_TASK TO COMPLETE:_ Copy out exactly the stretch of the listing below that begins at the line containing "Spero London Dripping" and ends at the line containing "Após eliminar o", and copy nothing outside it.

_DATA UNDER STUDY:_

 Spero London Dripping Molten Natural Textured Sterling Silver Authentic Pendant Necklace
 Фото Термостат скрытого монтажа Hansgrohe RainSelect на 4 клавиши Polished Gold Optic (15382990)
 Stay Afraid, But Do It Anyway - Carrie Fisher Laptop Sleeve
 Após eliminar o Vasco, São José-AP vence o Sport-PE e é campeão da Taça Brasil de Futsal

--

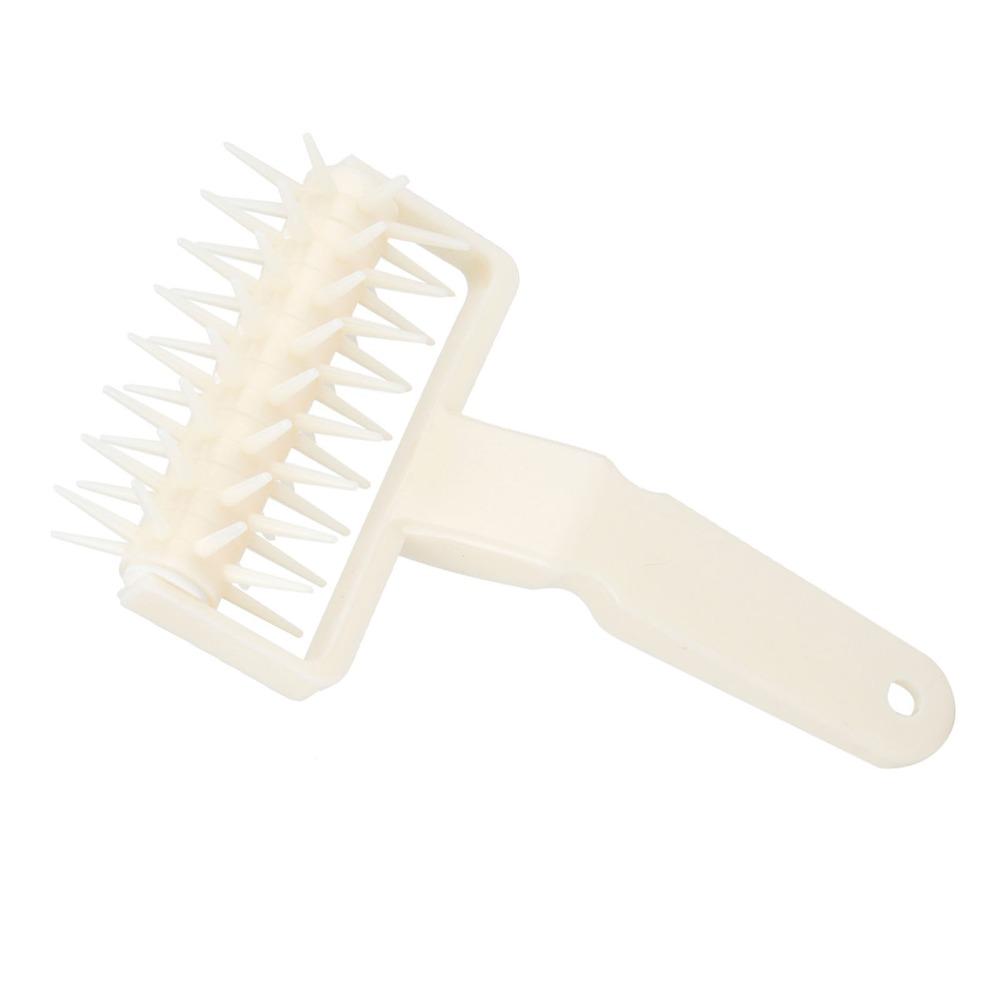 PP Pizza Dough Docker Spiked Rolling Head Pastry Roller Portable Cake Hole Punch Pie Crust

_SOLUTION FOR THIS TASK:_
 Spero London Dripping Molten Natural Textured Sterling Silver Authentic Pendant Necklace
 Фото Термостат скрытого монтажа Hansgrohe RainSelect на 4 клавиши Polished Gold Optic (15382990)
 Stay Afraid, But Do It Anyway - Carrie Fisher Laptop Sleeve
 Após eliminar o Vasco, São José-AP vence o Sport-PE e é campeão da Taça Brasil de Futsal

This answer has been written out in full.